The facial expressions that appeared in the videos were then correlated with contextual annotations from a model of video themes, and 16 facial expressions were found to have different associations with everyday social contexts that were consistent across the world. For example, joyful expressions and pranks were more likely to co-occur; excited expressions and fireworks were also better matched; and victory expressions were also frequently seen at sporting events.
These results are highly suggestive for the discussion of facial expressions in which psychologically relevant scenarios are more relevant to the use of expressions than other factors such as those specific to individuals, culture, or society.

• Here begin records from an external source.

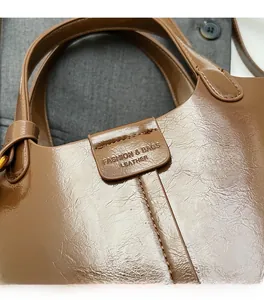 Detail of brown leather handbag featuring embossed lettering and fine vintage texture
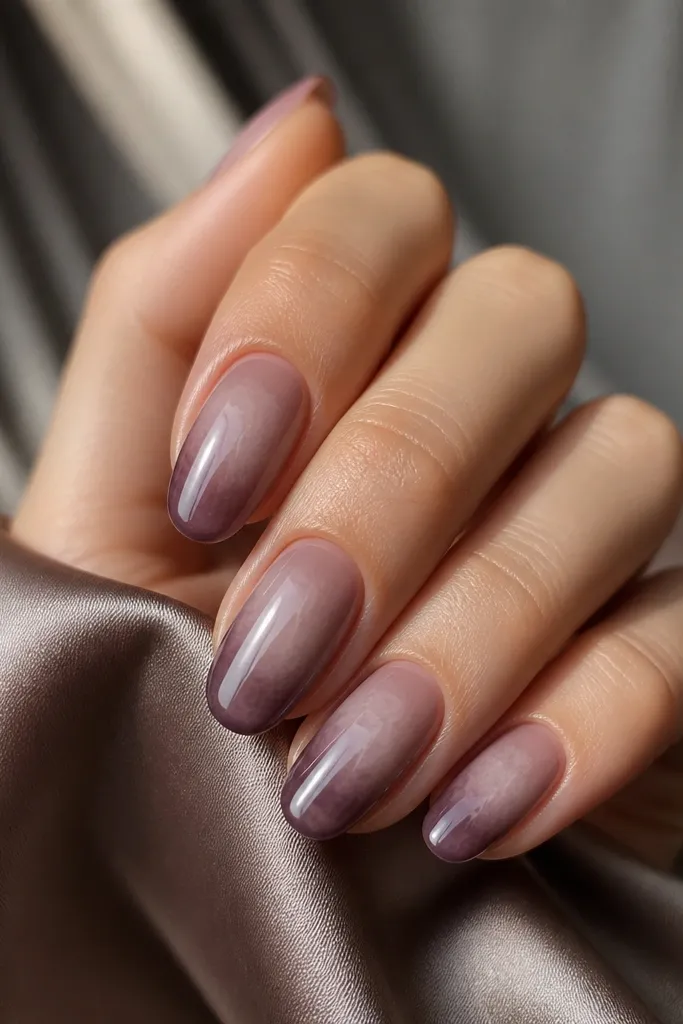 Oval nails with a smoky mauve gradient. The tips are deeper mauve and the center has a cloudy, airbrushed look. Chrome is applied lightly so it fades out toward the cuticle, leaving the base semi-matte compared to the shine at the tip.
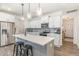 Bright kitchen with white cabinets, stainless appliances, an island with stools, and hardwood floors at 94 Paperwhite Pl, Clayton, NC 27527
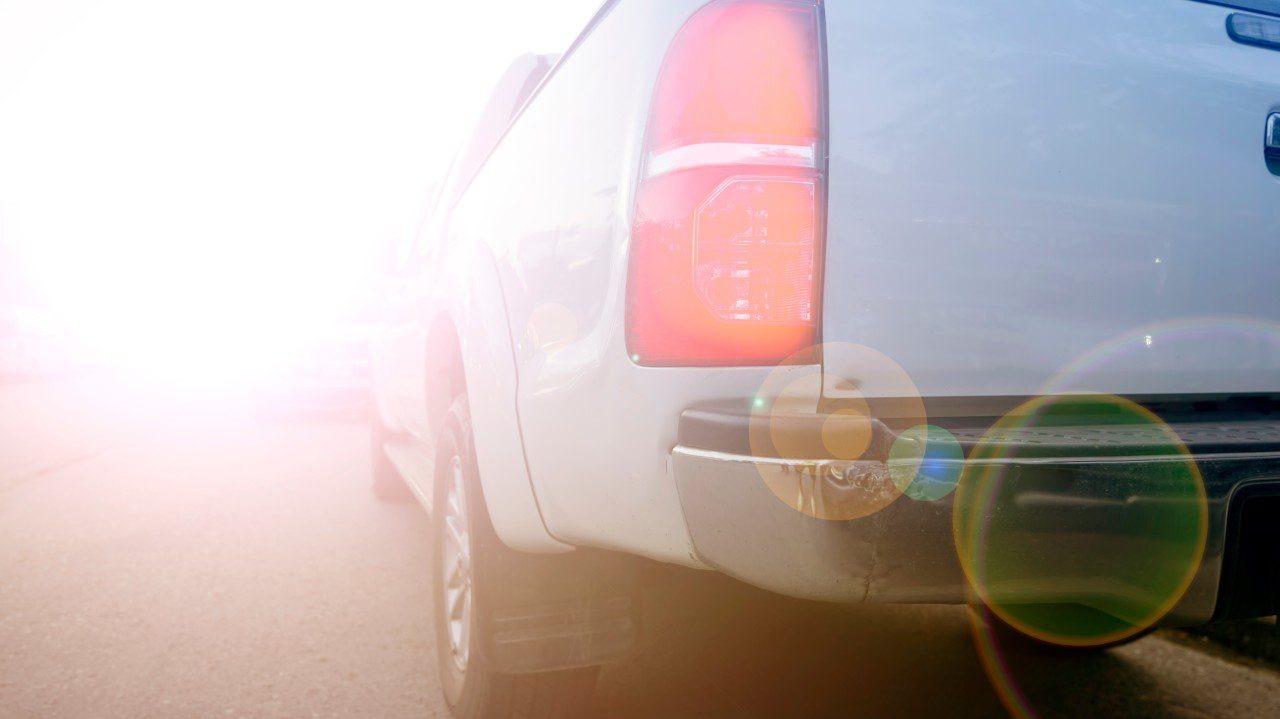 Rear side of a white vehicle with sunlight flare.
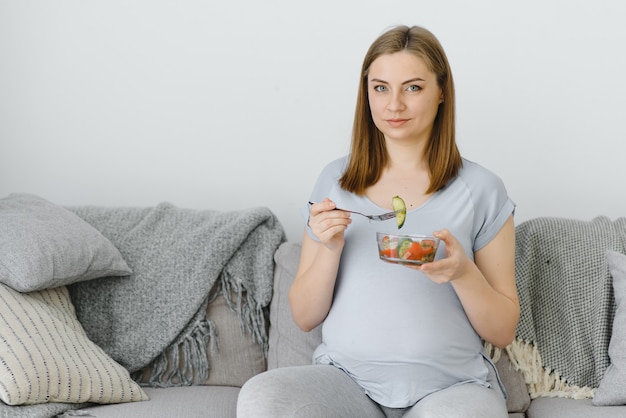 Mulher grávida bonita e saudável comendo salada de vegetais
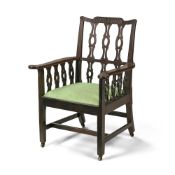 AN UNUSUAL GEORGE III MAHOGANY ARMCHAIR, IN THE MANNER OF ROBER MANWARING, CIRCA 1780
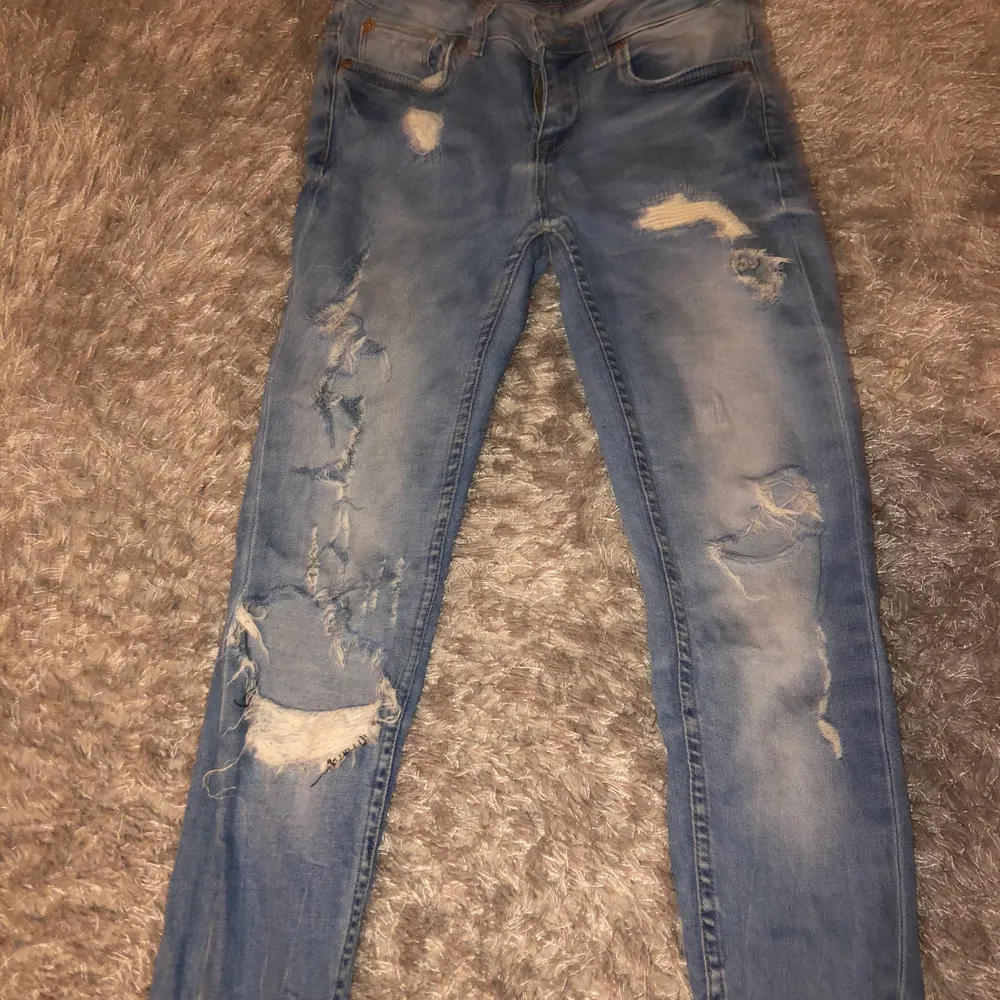 Blåa jeans med stora hål och slitningar . Jeans & Byxor.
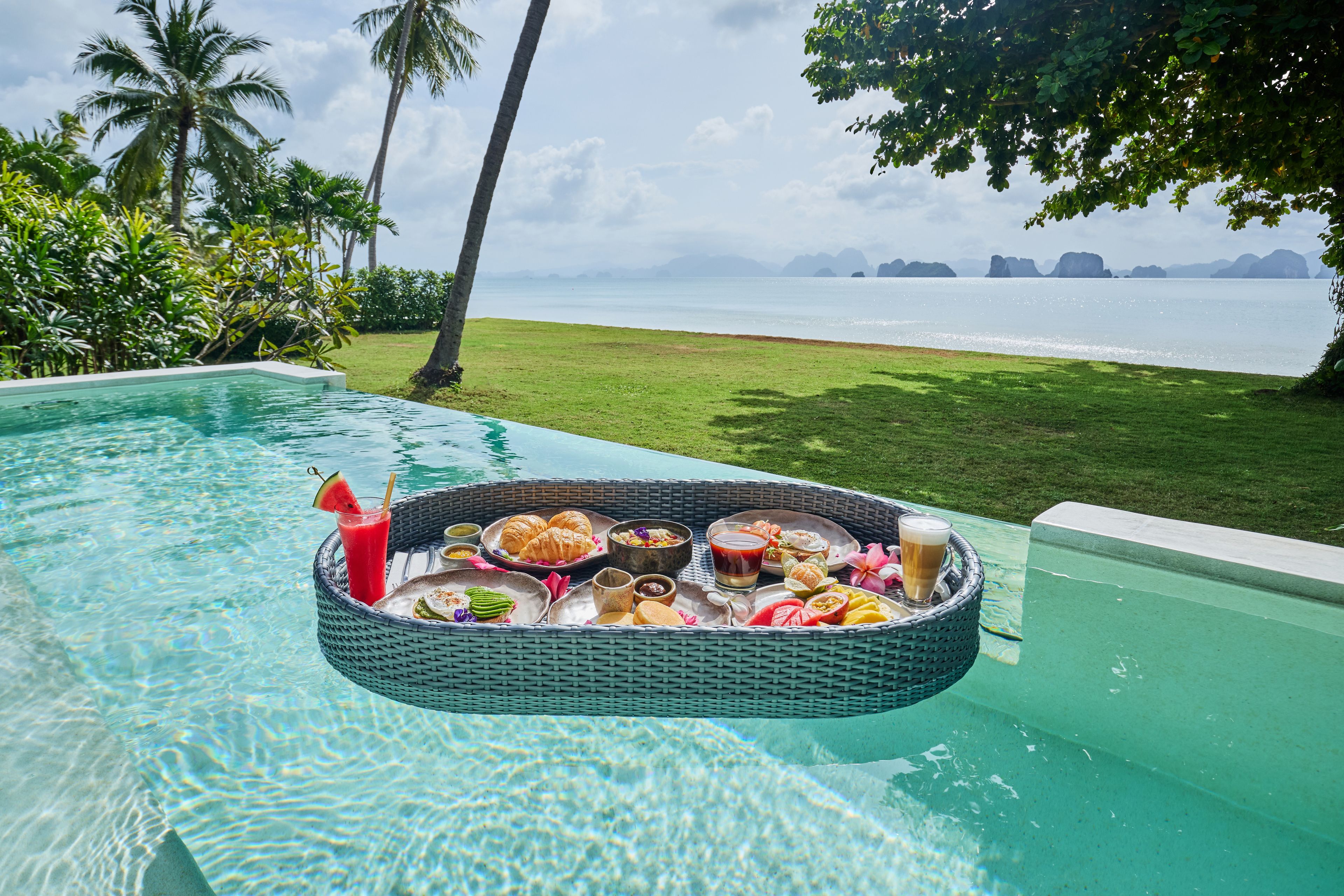 A floating dining table with a variety of food and drinks, overlooking a pool and a view of the sea with palm trees and distant islands.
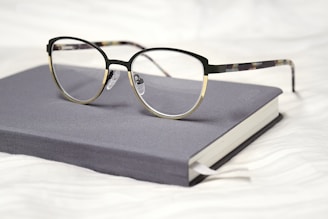 black framed eyeglasses on black book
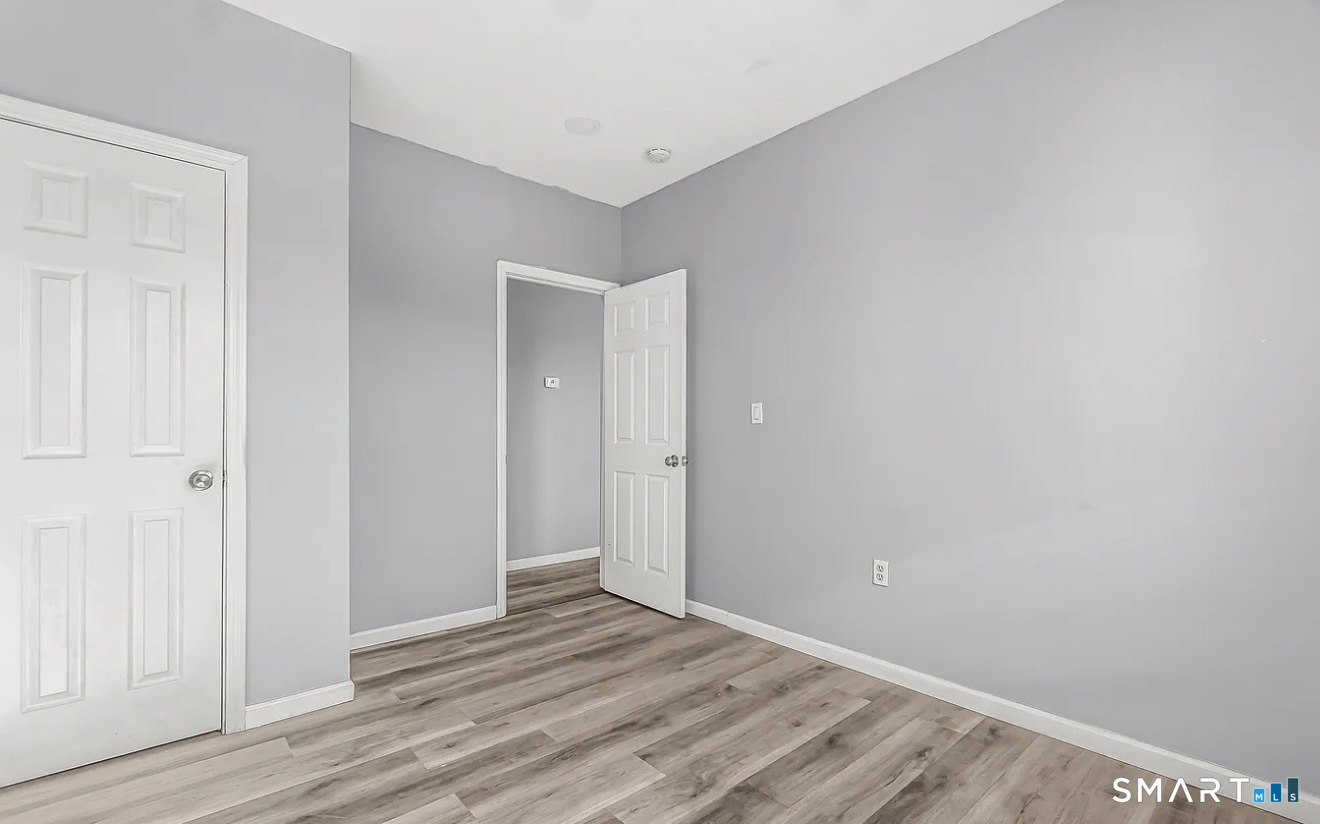 1220 Pembroke Street, Unit 3R Bridgeport, CT 06608 - Photo 8 of 12 a view of an empty room with wooden floor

The second experiment analyzed 3 million individual videos, this time using context annotated with a textual topic model. The results confirmed that the findings in the first experiment were not driven by the subtle effects of facial expressions in the videos on the annotation of the video topic model. In other words, this experiment confirms the conclusion reached in the first experiment that the video topic model may implicitly factor in facial expressions when computing its content labels.
In both experiments, the correlation between expressions and contexts seemed to be well validated across cultures. To accurately quantify how similar the correlations between expressions and contexts were across the 12 different world regions studied, the researchers calculated second-order correlations between each pair of regions. These correlations determined the relationships between the different expressions and contexts in each region, and then compared them to the other regions.
The final conclusion was that 70 percent of the contextual expression associations found in each region were shared worldwide.
Machine learning enabled the researchers to analyze millions of videos from around the world and found evidence to support the hypothesis that facial expressions are retained to a certain extent in similar environments across cultures.
The findings also leave room for cultural differences; while the correlation between facial expressions and context is 70% consistent worldwide, it is only 30% between regions. The correlations between facial expressions and context in neighboring world regions are generally more similar than those in distant world regions, suggesting that the geographic spread of human culture may also play a role in the meaning of facial expressions.
This work shows that machine learning can better understand itself and identify common elements of communication across cultures. Tools such as neural networks give us the opportunity to provide a large and diverse set of data for scientific discovery, giving us more confidence in statistical findings.
Posted by:CoinYuppie，Reprinted with attribution to:https://coinyuppie.com/cv-in-roll-psychologists-learn-face-recognition-train-6-million-videos-to-distinguish-expressions-around-the-world/
Coinyuppie is an open information publishing platform, all information provided is not related to the views and positions of coinyuppie, and does not constitute any investment and financial advice. Users are expected to carefully screen and prevent risks.